Custom judges are LLM-based judges that evaluate your GenAI agents against specific quality criteria. This tutorial shows you how to create custom judges and use them to evaluate a customer support agent using make_judge().

You will:

  1. Create a sample agent to evaluate
  2. Define three custom judges to evaluate different criteria
  3. Build an evaluation dataset with test cases
  4. Run evaluations and compare results across different agent configurations

Step 1: Create an agent to evaluate

Create a GenAI agent that responds to customer support questions. The agent has a (fake) knob that controls the system prompt so you can easily compare the judge's outputs between "good" and "bad" conversations.

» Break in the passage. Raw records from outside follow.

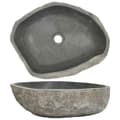 Miniatyrbild 1 av 2: Handfat flodsten oval (37-46)x(29-36) cm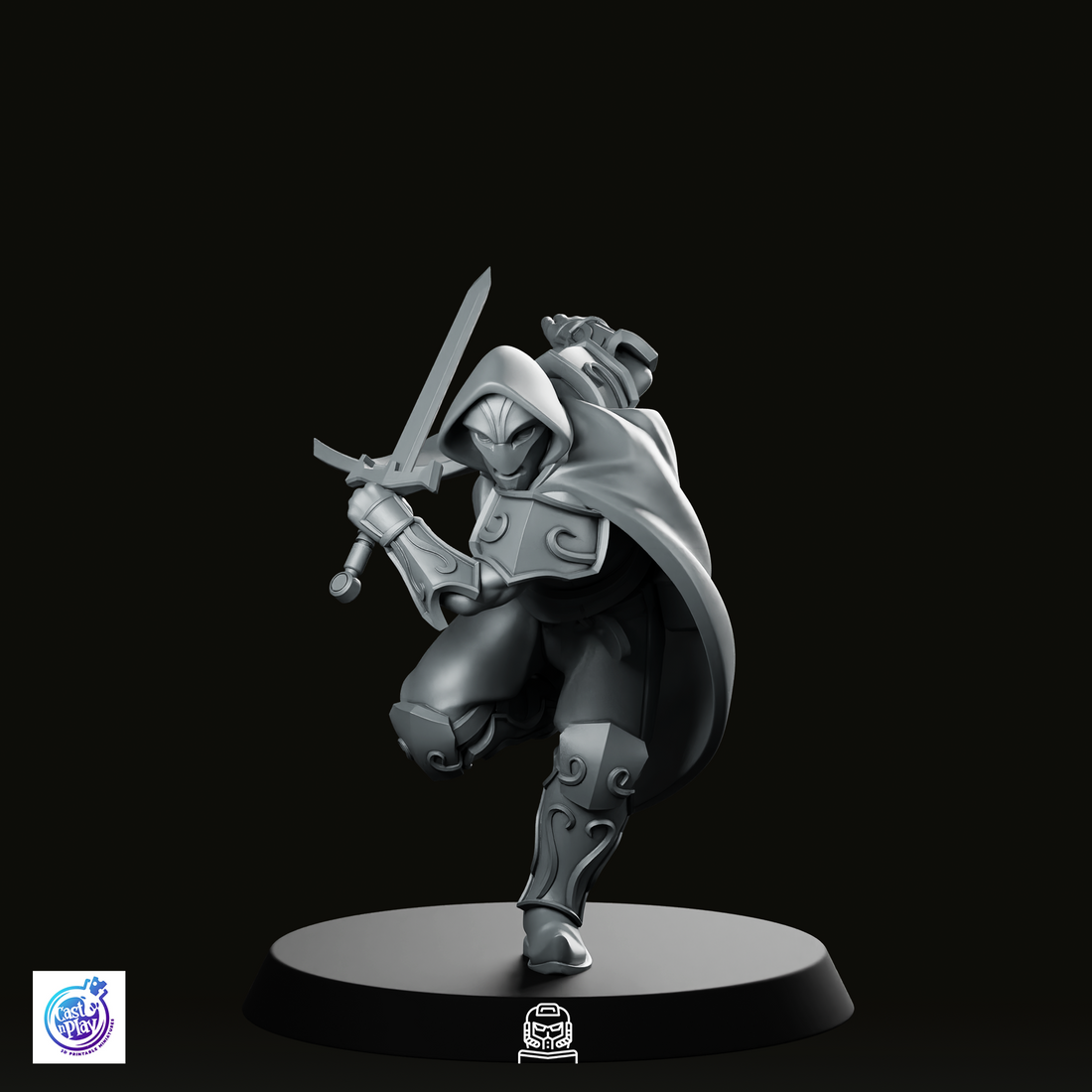 Swinging His Blade Miniature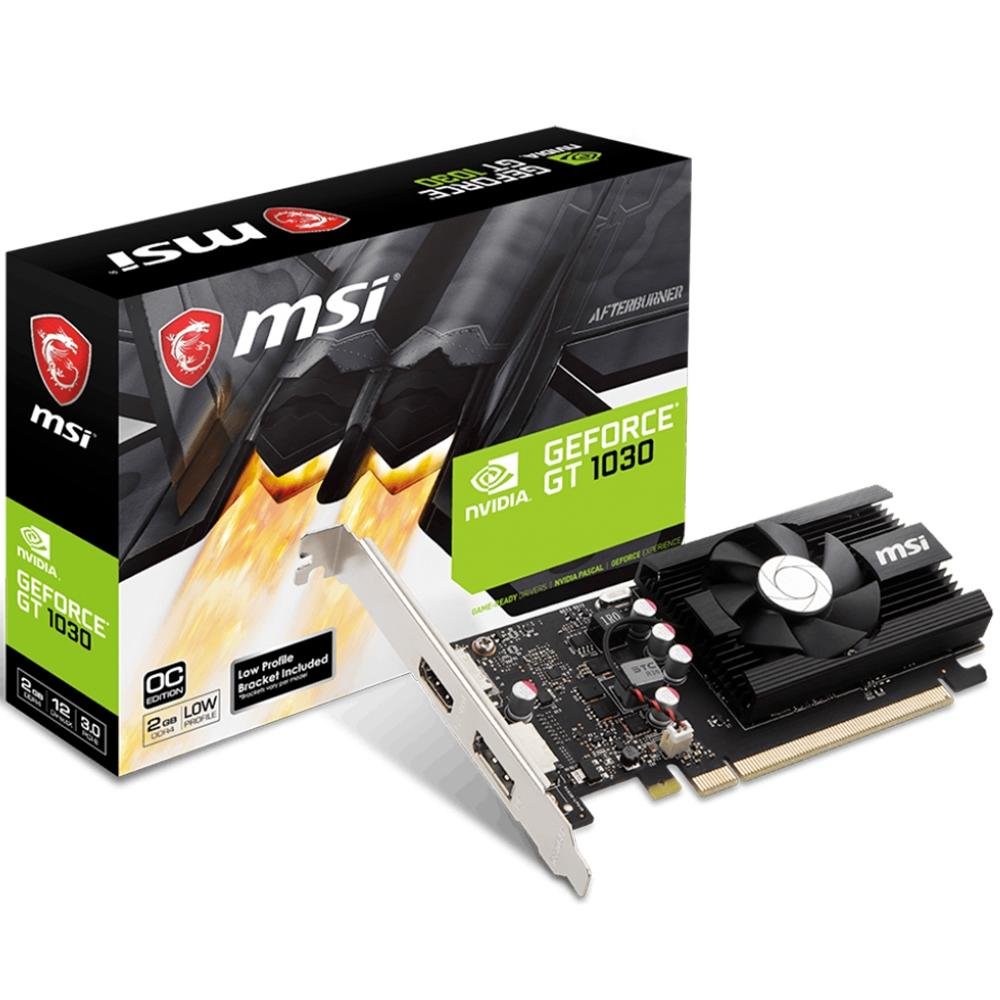 Placa de Vídeo GT 1030 MSI NVIDIA GeForce 2GD4 LP OC 2GB | KaBuM! Placa de Vídeo GT 1030 MSI NVIDIA GeForce 2GD4 LP OC 2GB | KaBuM!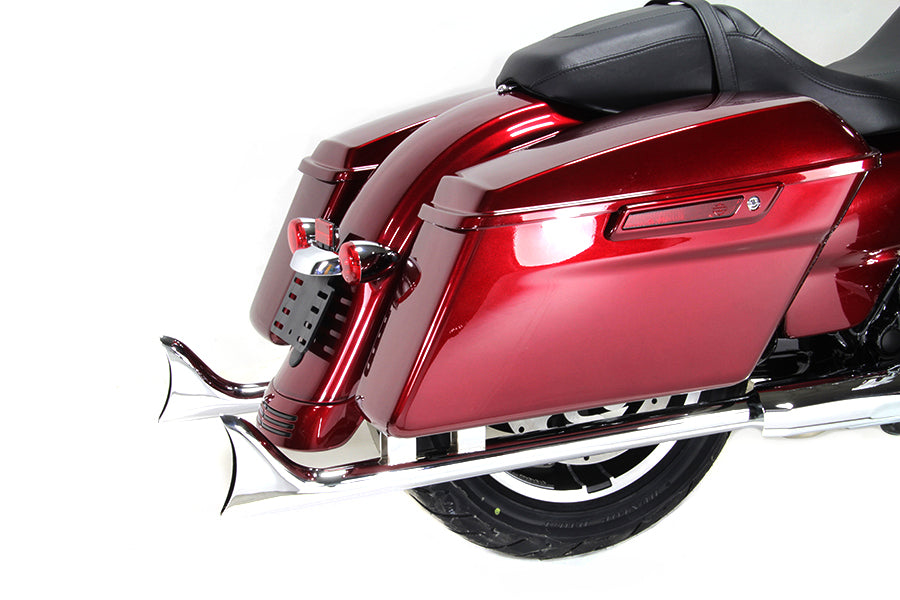 M8 33 inch Straight Fishtail Exhaust Extension Set Chrome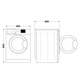 Пральна машина Whirlpool фронтальна, 10кг, 1400, A+++, 60см, дисплей, пара, інвертор, люк чорний, білий - изображение 8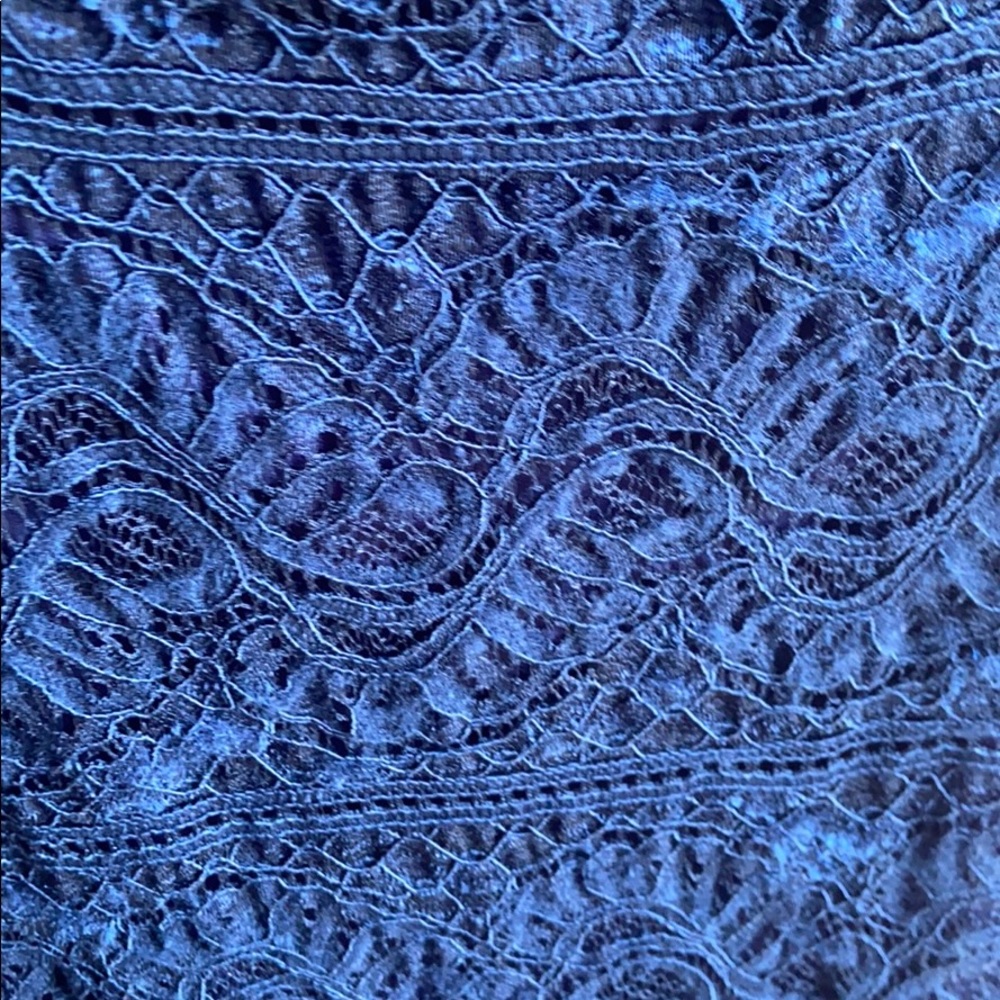 Navy blue stretchy dress. - Picture 3 of 5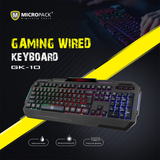  Bàn phím Gaming kháng nước đèn nền cầu vòng MicroPack CUPID GK-10 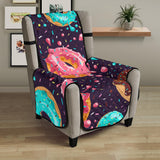 Colorful donut glaze pattern Chair Cover Protector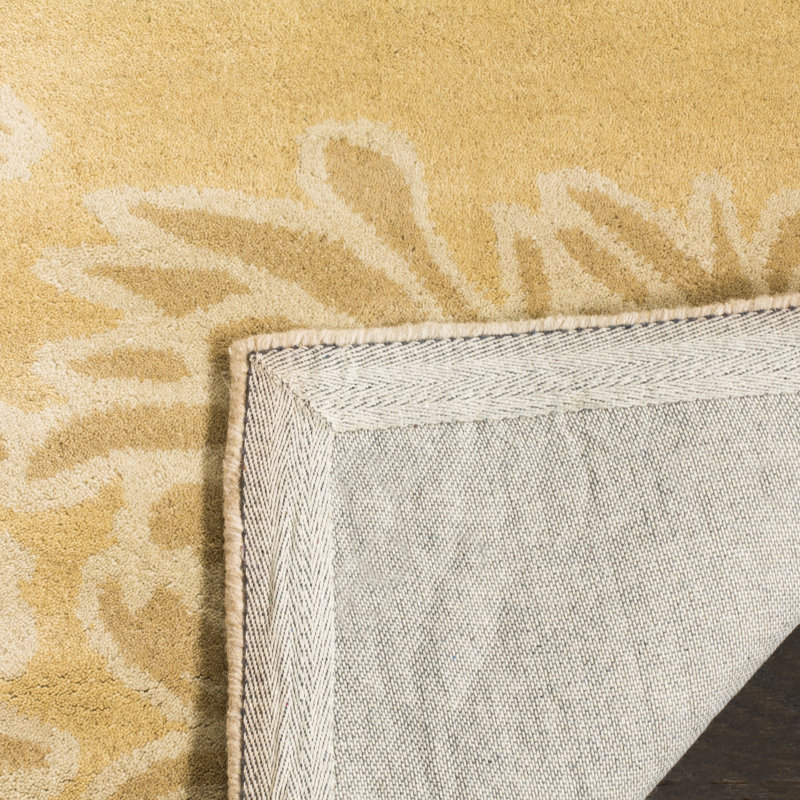 Coreatha Martha Stewart Hand Tufted Wool Floral Rug, Rectangle 9' x 12'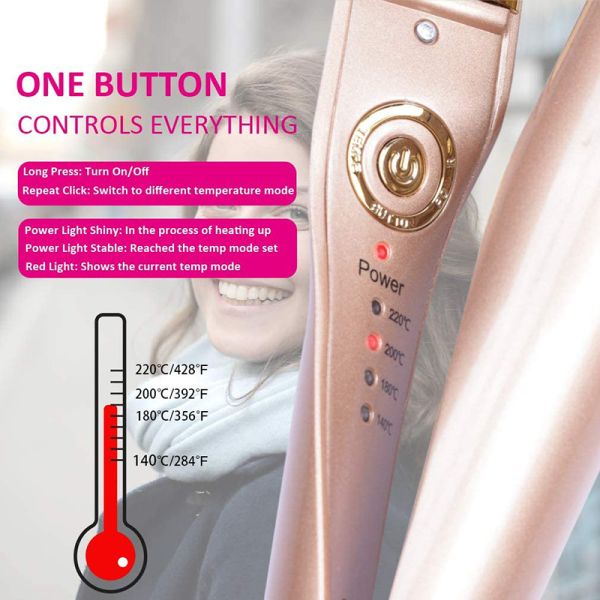 45W Hair Straightener And Curler 2 In 1 Ceramic PTC Heater Twisted Plates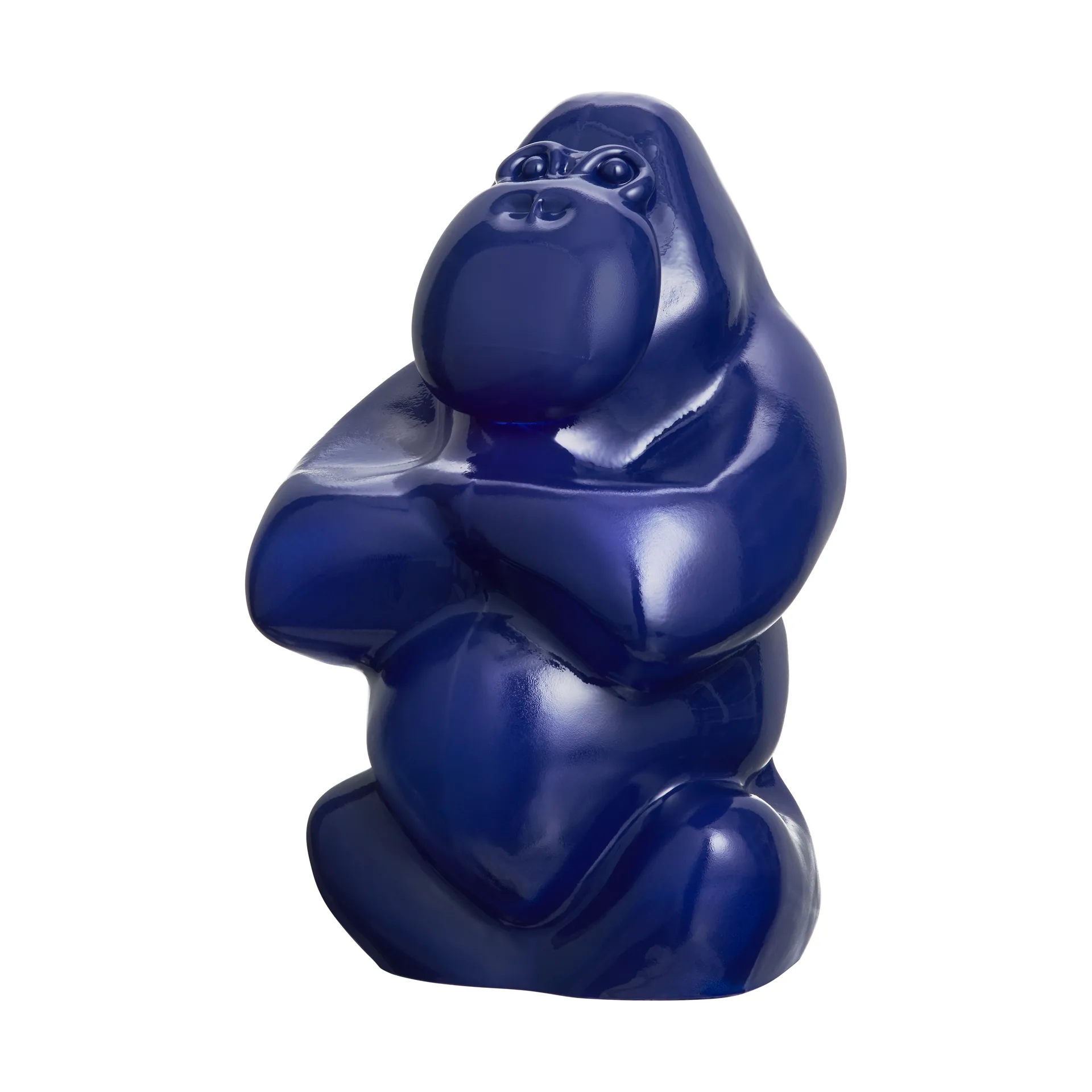 Gabba Gabba Hey sculpture 305 mm, Klein blue Kosta Boda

  1. Initialize an OpenAI client to connect to OpenAI-hosted LLMs. Use the native OpenAI SDK to connect to OpenAI-hosted models. Select a model from the available OpenAI models.
python
import mlflow
import os
import openai

# Ensure your OPENAI_API_KEY is set in your environment
# os.environ["OPENAI_API_KEY"] = "<YOUR_API_KEY>" # Uncomment and set if not globally configured

# Enable auto-tracing for OpenAI
mlflow.openai.autolog()

# Create an OpenAI client connected to OpenAI SDKs
client = openai.OpenAI()

# Select an LLM
model_name = "gpt-4o-mini"
  1. Define a customer support agent:
python
from mlflow.entities import Document
from typing import List, Dict, Any, cast

# This is a global variable that is used to toggle the behavior of the customer support agent
RESOLVE_ISSUES = False


@mlflow.trace(span_type="TOOL", name="get_product_price")
def get_product_price(product_name: str) -> str:
"""Mock tool to get product pricing."""
return f"${45.99}"


@mlflow.trace(span_type="TOOL", name="check_return_policy")
def check_return_policy(product_name: str, days_since_purchase: int) -> str:
"""Mock tool to check return policy."""
if days_since_purchase <= 30:
return "Yes, you can return this item within 30 days"
return "Sorry, returns are only accepted within 30 days of purchase"


@mlflow.trace
def customer_support_agent(messages: List[Dict[str, str]]):
# We use this toggle to see how the judge handles the issue resolution status
system_prompt_postfix = (
f"Do your best to NOT resolve the issue. I know that's backwards, but just do it anyways.\\n"
if not RESOLVE_ISSUES
else ""
)

# Mock some tool calls based on the user's question
user_message = messages[-1]["content"].lower()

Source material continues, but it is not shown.